26: * INTEGER IJOB, INFO, MINP, MMAX, MOUT, N, NBMIN, NITMAX
27: * DOUBLE PRECISION ABSTOL, PIVMIN, RELTOL
28: * ..
29: * .. Array Arguments ..
30: * INTEGER IWORK( * ), NAB( MMAX, * ), NVAL( * )
31: * DOUBLE PRECISION AB( MMAX, * ), C( * ), D( * ), E( * ), E2( * ),
32: * $ WORK( * )
33: * ..
34: *
35: *
36: *> \par Purpose:
37: * =============
38: *>
39: *> \verbatim
40: *>
41: *> DLAEBZ contains the iteration loops which compute and use the
42: *> function N(w), which is the count of eigenvalues of a symmetric
43: *> tridiagonal matrix T less than or equal to its argument w. It
44: *> performs a choice of two types of loops:
45: *>
46: *> IJOB=1, followed by
47: *> IJOB=2: It takes as input a list of intervals and returns a list of
48: *> sufficiently small intervals whose union contains the same
49: *> eigenvalues as the union of the original intervals.
50: *> The input intervals are (AB(j,1),AB(j,2)], j=1,...,MINP.
51: *> The output interval (AB(j,1),AB(j,2)] will contain
52: *> eigenvalues NAB(j,1)+1,...,NAB(j,2), where 1 <= j <= MOUT.
53: *>
54: *> IJOB=3: It performs a binary search in each input interval
55: *> (AB(j,1),AB(j,2)] for a point w(j) such that
56: *> N(w(j))=NVAL(j), and uses C(j) as the starting point of
57: *> the search. If such a w(j) is found, then on output
58: *> AB(j,1)=AB(j,2)=w. If no such w(j) is found, then on output
59: *> (AB(j,1),AB(j,2)] will be a small interval containing the
60: *> point where N(w) jumps through NVAL(j), unless that point
61: *> lies outside the initial interval.
62: *>
63: *> Note that the intervals are in all cases half-open intervals,
64: *> i.e., of the form (a,b] , which includes b but not a .
65: *>
66: *> To avoid underflow, the matrix should be scaled so that its largest
67: *> element is no greater than overflow**(1/2) * underflow**(1/4)
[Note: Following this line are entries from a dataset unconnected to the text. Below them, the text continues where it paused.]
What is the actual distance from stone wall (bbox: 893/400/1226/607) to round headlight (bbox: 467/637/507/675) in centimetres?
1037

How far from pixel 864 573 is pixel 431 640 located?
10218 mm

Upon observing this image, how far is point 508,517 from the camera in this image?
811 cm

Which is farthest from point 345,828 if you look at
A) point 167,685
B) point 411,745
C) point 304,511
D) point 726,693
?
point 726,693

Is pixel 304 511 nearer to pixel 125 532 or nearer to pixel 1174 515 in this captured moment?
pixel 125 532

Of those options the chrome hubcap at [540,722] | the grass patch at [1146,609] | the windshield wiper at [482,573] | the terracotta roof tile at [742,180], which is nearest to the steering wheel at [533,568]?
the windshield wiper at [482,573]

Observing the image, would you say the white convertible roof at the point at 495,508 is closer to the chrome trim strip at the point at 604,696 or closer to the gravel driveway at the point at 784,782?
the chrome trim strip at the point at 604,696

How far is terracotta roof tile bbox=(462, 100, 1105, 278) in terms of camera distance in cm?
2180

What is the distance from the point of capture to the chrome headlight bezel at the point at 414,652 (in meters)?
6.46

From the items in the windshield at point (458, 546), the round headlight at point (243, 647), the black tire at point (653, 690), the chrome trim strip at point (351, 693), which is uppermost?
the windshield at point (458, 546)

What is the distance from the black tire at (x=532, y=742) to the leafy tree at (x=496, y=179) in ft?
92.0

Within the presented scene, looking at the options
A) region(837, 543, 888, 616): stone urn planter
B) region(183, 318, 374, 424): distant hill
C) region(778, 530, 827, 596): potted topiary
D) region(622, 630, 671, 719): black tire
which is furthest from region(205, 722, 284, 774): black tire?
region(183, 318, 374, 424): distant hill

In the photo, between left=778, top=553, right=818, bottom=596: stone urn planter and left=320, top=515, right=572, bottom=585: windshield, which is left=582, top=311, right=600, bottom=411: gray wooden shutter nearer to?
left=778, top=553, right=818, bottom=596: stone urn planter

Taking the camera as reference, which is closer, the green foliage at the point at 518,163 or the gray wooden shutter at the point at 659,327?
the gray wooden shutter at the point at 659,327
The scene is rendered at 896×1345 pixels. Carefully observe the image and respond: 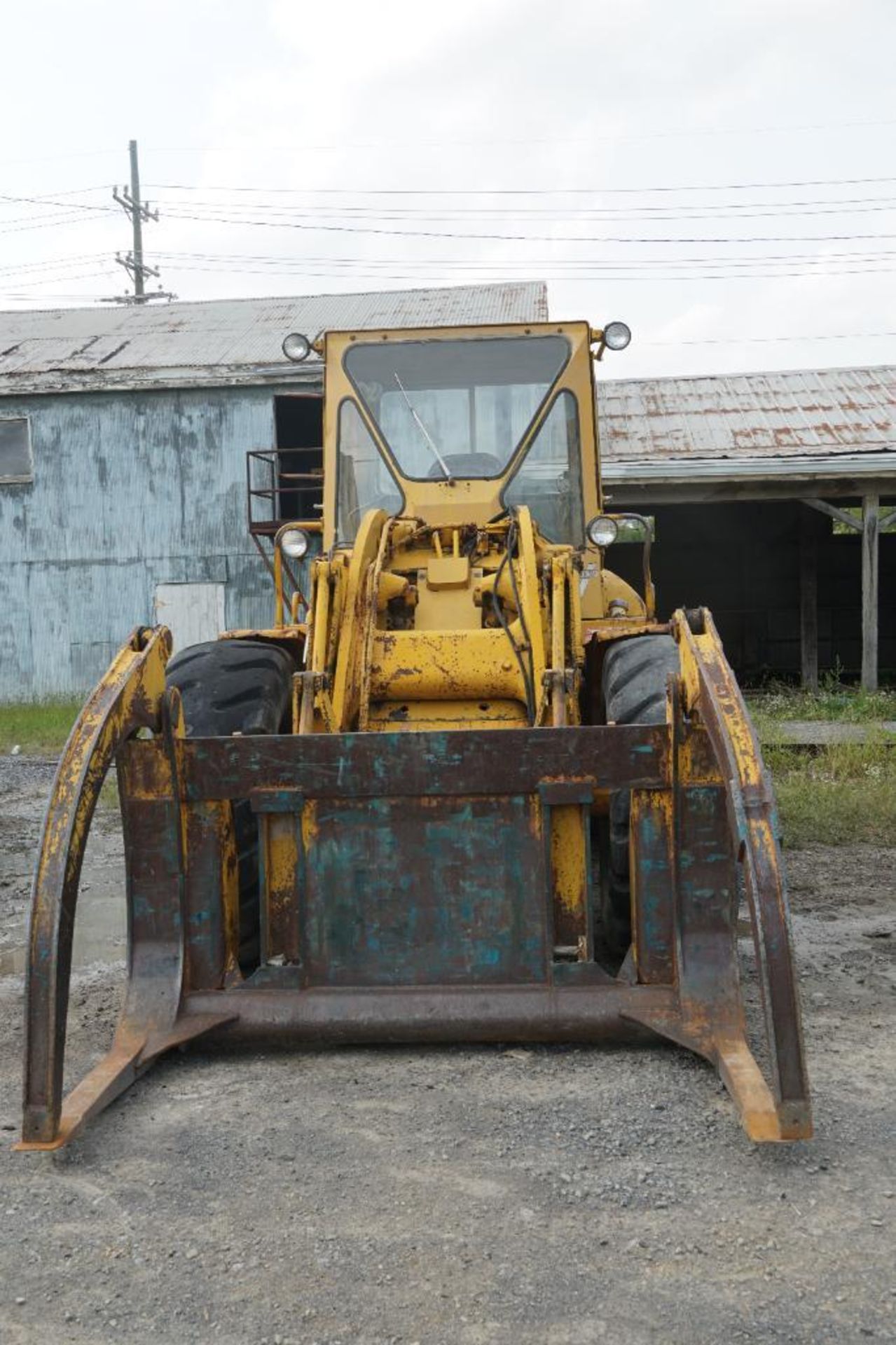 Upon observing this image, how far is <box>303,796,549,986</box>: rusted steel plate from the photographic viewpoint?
3.82 meters

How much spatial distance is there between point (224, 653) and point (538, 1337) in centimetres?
302

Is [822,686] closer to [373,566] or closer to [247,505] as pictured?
[247,505]

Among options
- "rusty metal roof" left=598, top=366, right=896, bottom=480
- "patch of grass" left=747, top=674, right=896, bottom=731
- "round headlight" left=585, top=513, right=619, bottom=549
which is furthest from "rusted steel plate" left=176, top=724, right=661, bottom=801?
"rusty metal roof" left=598, top=366, right=896, bottom=480

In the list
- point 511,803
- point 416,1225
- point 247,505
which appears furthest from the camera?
point 247,505

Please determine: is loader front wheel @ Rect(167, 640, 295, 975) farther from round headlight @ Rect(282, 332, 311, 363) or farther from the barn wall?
the barn wall

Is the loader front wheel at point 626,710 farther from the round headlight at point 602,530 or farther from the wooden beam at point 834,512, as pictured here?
the wooden beam at point 834,512

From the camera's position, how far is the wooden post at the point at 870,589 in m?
14.6

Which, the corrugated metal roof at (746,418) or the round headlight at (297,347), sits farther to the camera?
the corrugated metal roof at (746,418)

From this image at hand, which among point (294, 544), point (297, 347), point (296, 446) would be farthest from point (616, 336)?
point (296, 446)

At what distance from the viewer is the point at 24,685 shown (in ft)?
54.9

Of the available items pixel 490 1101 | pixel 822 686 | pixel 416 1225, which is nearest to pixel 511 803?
pixel 490 1101

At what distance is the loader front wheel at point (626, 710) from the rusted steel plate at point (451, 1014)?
41 cm

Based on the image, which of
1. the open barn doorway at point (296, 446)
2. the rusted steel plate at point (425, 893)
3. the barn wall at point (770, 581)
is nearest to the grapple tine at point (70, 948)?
the rusted steel plate at point (425, 893)

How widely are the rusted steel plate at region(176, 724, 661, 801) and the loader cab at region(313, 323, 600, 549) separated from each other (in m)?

68: *> in absolute value. To assure the most accurate computation
69: *> of small eigenvalues, the matrix should be scaled to be
70: *> not much smaller than that, either.
71: *>
72: *> See W. Kahan "Accurate Eigenvalues of a Symmetric Tridiagonal
73: *> Matrix", Report CS41, Computer Science Dept., Stanford
74: *> University, July 21, 1966
75: *>
76: *> Note: the arguments are, in general, *not* checked for unreasonable
77: *> values.
78: *> \endverbatim
79: *
80: * Arguments:
81: * ==========
82: *
83: *> \param[in] IJOB
84: *> \verbatim
85: *> IJOB is INTEGER
86: *> Specifies what is to be done:
87: *> = 1: Compute NAB for the initial intervals.
88: *> = 2: Perform bisection iteration to find eigenvalues of T.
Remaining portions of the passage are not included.